TRY IT:
With pictures omitted, copy exactly the lines from the one containing "Monta Noble 40, blue" through the end of the records below.

[[ GIVEN INFORMATION open ]]

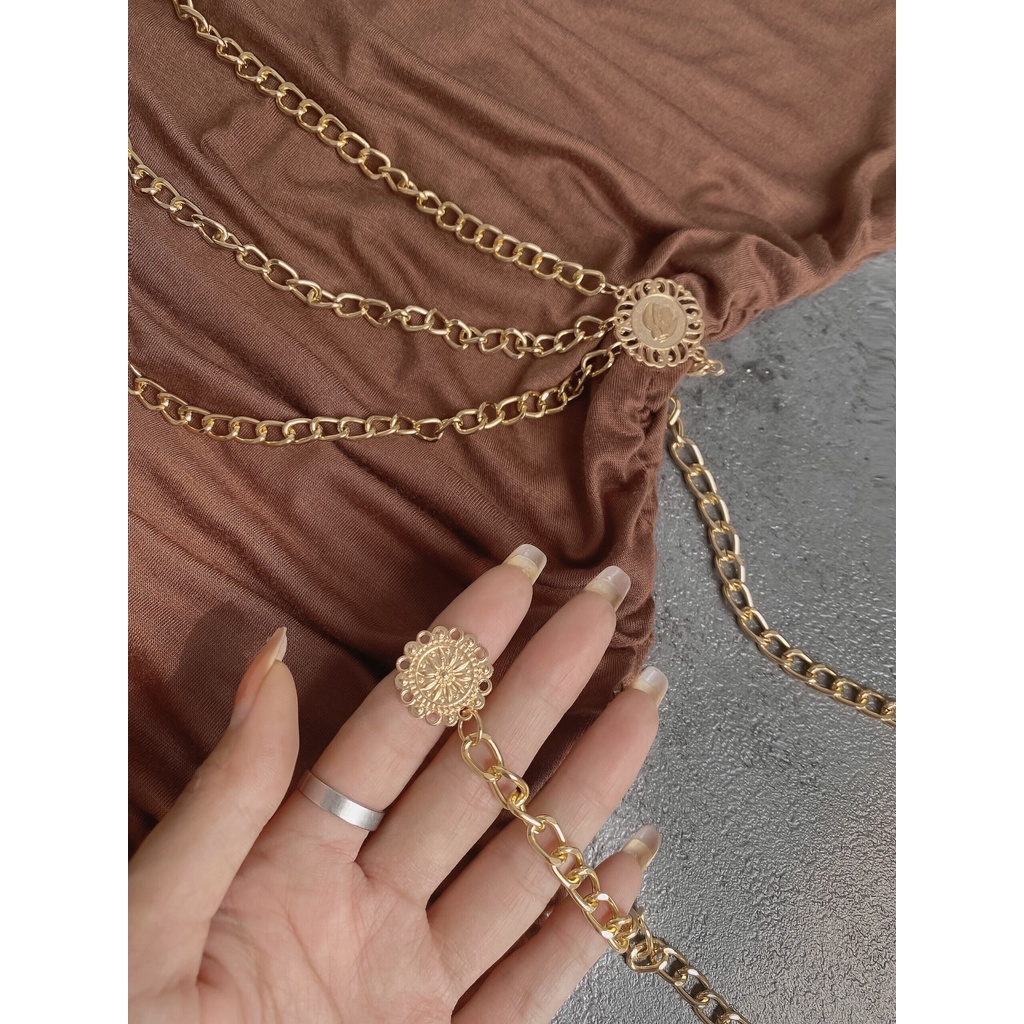 Dây Belt xích 3 tầng, Đai sang chảnh phối với váy, áo sơ mi | TL02 | MeiMei Studio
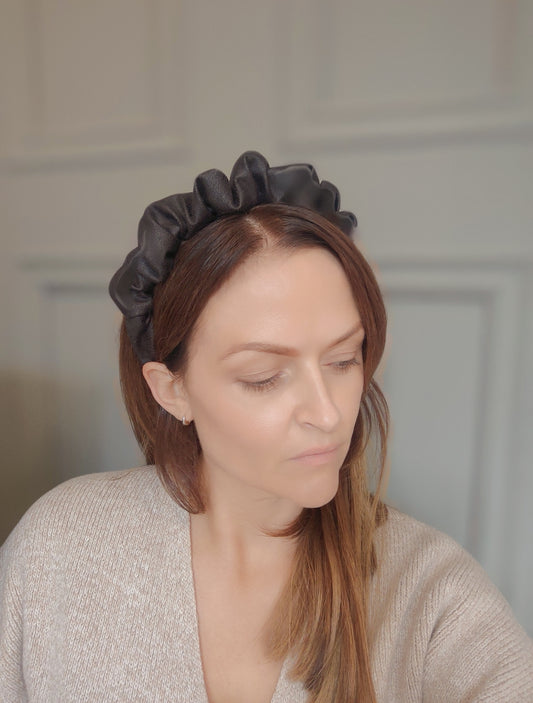 Petite Ruffle Headband - Black Faux Suede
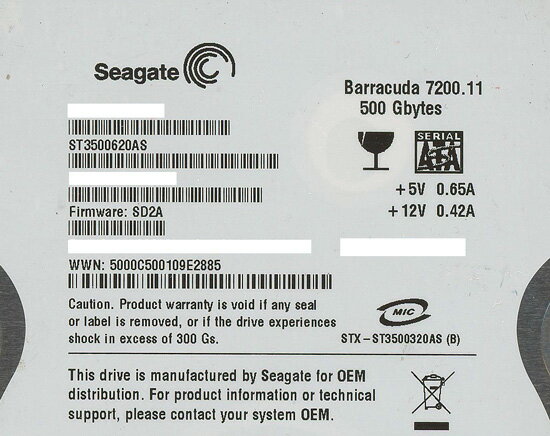 Seagate 3.5インチ内蔵HDD 500GB 7200rpm S-ATA/300 16MBST3500630AS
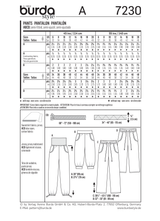 Burda Style Stylish Pant Sewing Pattern for Fashion Enthusiasts B7230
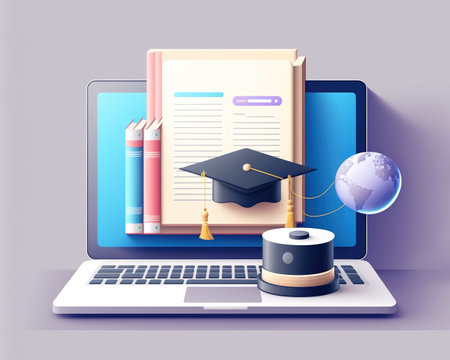 Concept of e-learning, online education at home. 3d rendering.の写真素材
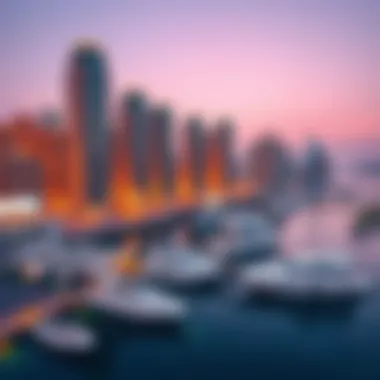 Scenic Dubai Marina An overview of the Dubai Marina with yachts and skyscrapers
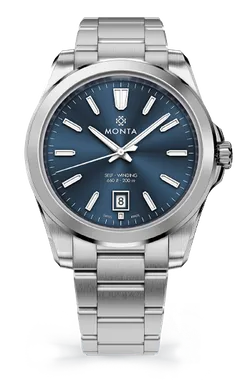 Monta Noble 40, blue sunburst dial, on bracelet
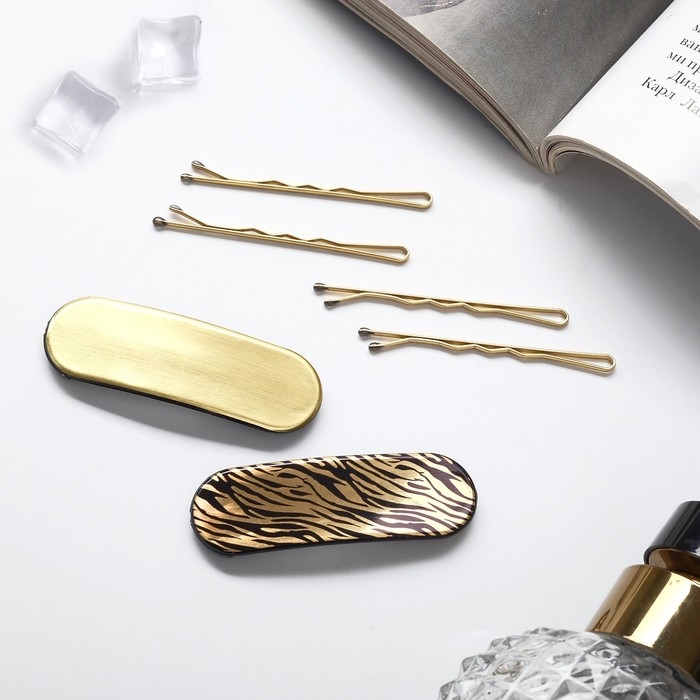 Невидимка для волос  Невидимка для волос "Герти" (набор 10 шт) тигровый, 5 см, золото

[[ GIVEN INFORMATION closed ]]

ANSWER BOX:
 Monta Noble 40, blue sunburst dial, on bracelet
 Невидимка для волос  Невидимка для волос "Герти" (набор 10 шт) тигровый, 5 см, золото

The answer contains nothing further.